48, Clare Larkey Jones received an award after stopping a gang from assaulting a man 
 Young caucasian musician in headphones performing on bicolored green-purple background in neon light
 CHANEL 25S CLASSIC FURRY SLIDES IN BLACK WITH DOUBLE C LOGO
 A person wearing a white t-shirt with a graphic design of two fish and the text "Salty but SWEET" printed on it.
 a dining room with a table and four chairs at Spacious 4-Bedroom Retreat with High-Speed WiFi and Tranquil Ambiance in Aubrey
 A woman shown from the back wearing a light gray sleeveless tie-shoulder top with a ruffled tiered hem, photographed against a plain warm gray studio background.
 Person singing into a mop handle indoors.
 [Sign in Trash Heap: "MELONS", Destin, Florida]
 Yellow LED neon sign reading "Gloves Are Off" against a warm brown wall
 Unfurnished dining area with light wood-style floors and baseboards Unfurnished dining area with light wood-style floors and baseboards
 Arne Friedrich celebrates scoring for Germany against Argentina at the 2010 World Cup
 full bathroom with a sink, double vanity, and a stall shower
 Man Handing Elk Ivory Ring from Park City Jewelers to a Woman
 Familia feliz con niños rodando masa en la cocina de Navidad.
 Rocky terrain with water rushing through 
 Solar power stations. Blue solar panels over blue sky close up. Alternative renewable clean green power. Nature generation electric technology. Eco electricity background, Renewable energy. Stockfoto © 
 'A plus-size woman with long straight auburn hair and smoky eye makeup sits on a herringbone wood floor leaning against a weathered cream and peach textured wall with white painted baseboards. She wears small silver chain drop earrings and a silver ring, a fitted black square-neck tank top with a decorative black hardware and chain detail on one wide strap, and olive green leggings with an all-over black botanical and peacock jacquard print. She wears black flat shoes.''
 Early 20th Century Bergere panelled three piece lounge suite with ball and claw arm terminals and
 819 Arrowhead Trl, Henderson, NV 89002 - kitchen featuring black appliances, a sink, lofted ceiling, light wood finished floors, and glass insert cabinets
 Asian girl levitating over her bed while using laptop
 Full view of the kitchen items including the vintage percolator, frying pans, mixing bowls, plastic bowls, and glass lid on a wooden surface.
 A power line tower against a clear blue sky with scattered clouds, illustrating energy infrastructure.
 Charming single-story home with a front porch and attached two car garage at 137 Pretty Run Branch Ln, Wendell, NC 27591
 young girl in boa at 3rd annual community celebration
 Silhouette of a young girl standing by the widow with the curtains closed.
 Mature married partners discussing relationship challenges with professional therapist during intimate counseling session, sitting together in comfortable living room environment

==========

**EXERCISE PROMPT**
Find the word "neon" in the records, and report each line that has it.

**WRITTEN RESPONSE**
 Young caucasian musician in headphones performing on bicolored green-purple background in neon light
 Yellow LED neon sign reading "Gloves Are Off" against a warm brown wall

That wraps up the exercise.